Çin zulmü altında ezilen Doğu Türkistan’daki Uygurlar yaşam mücadelesi verirken Çin rejiminin uyguladığı soykırıma sesini çıkaramayan AKP iktidarı, Türkiye’ye sığınan Uygurların evlerini basıp ‘terör’ suçlamasıyla gözaltına alıyor.
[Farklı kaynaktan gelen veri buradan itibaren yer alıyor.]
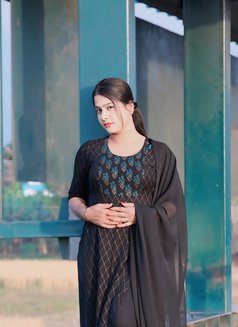 Diyasha - Transsexual escort in Bangalore Photo 14 of 14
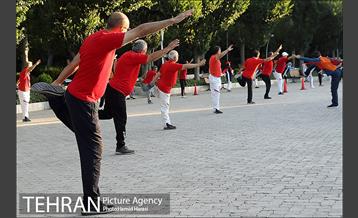 ورزش همگانی در پارک لاله 2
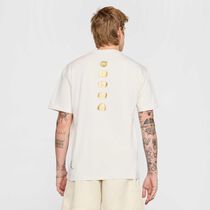 نايكي سبورتسوير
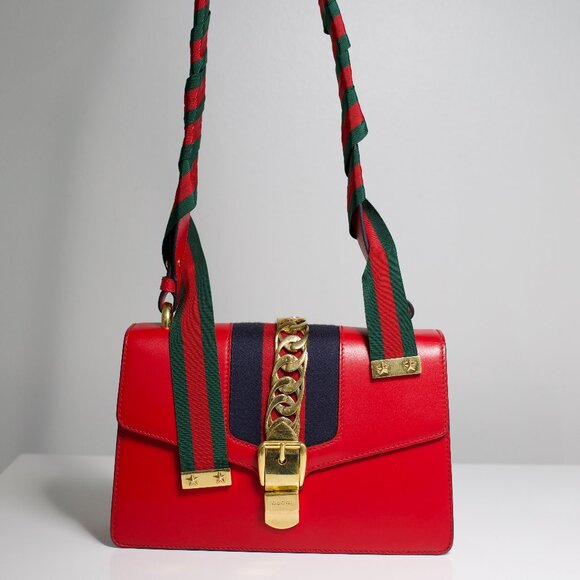 Gucci Hibiscus Red Sylvie Small Shoulder Bag - Picture 4 of 16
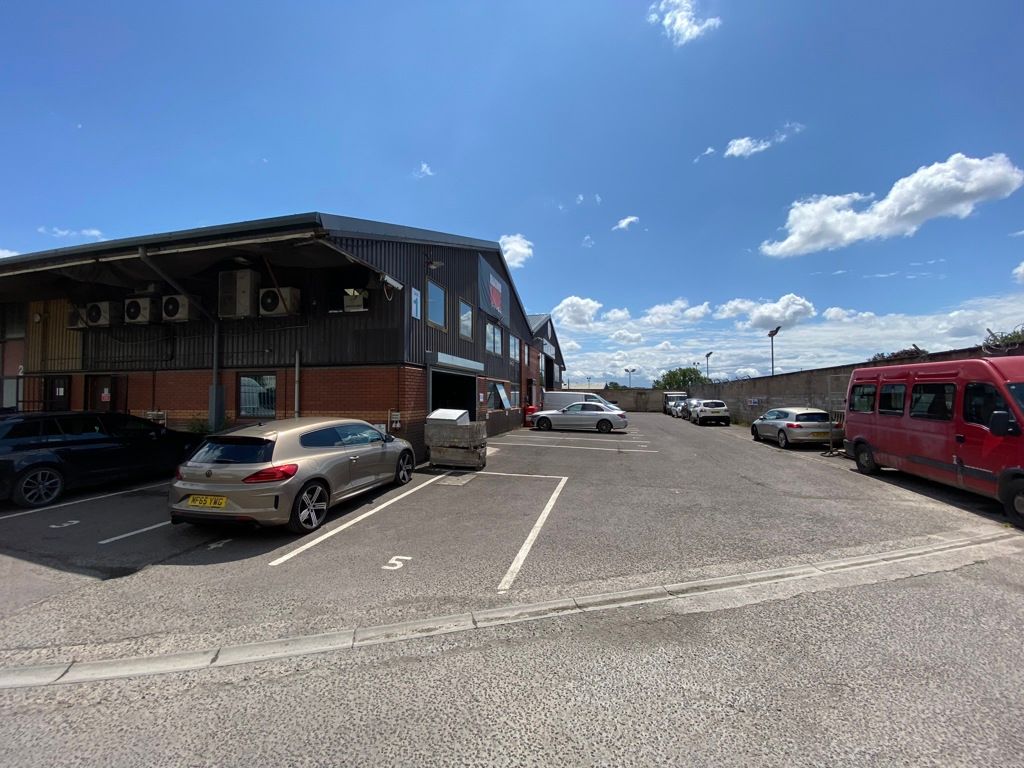 Property photo 3 of 15 Photo 8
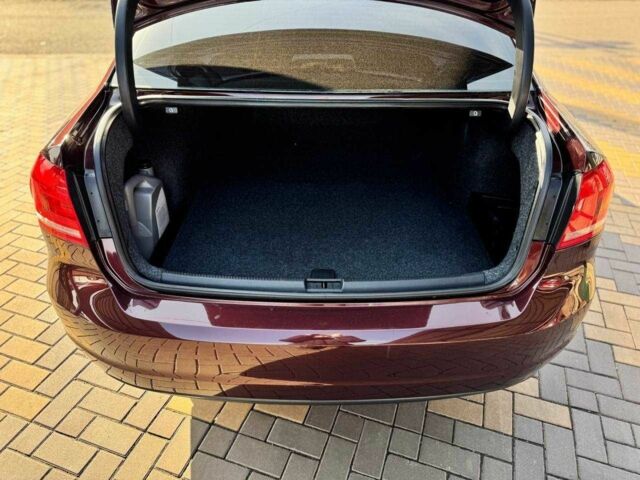 Червоний Фольксваген Пассат, об'ємом двигуна 2 л та пробігом 147 тис. км за 12900 $, фото 7 на Automoto.ua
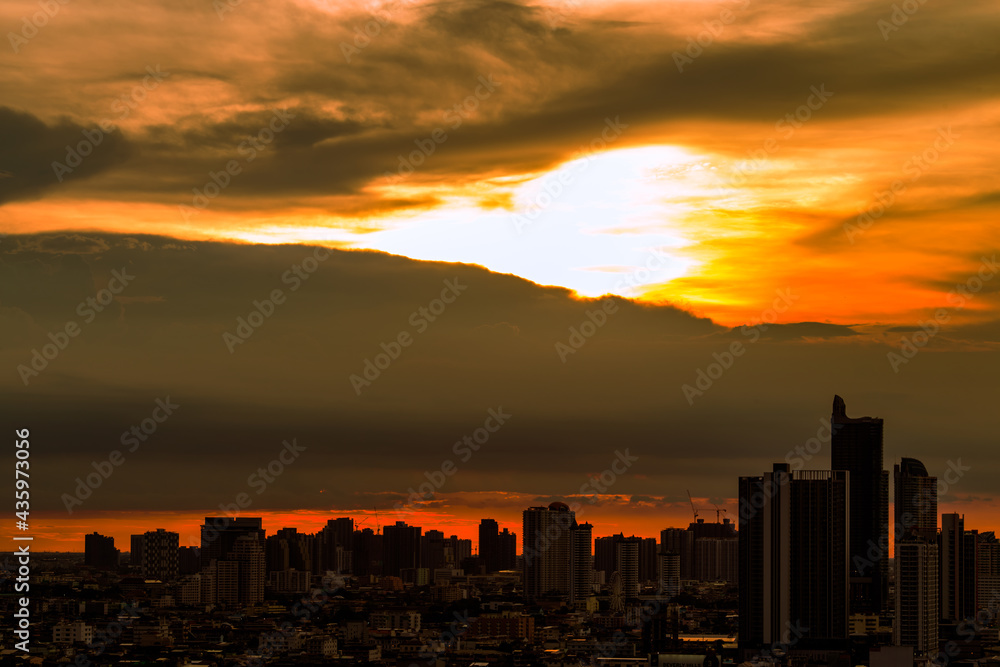 Obraz premium The high angle background of the city view with the secret light of the evening, blurring of night lights, showing the distribution of condominiums, dense homes in the capital community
Çin’de Ulusal Halk Kongresi Daimi Komitesi, Çin ile Türkiye arasında 2017’de imzalanan fakat TBMM’nin henüz onaylamadığı Suçluların İadesi Anlaşması’nı oylayarak kabul ettiğini duyurdu. Çin Komünist Partisi, Türkiye’ye sığınmış ve “terör suçu” işlediğini ileri sürdüğü Uygurların sınır dışı edilmesi sürecini hızlandırmayı hedeflerken 19 Ocak’ta polis şafak vakti düzenlediği baskında aralarında çocuklu annelerin de olduğu çok sayıda Uygur’u gözaltına aldı.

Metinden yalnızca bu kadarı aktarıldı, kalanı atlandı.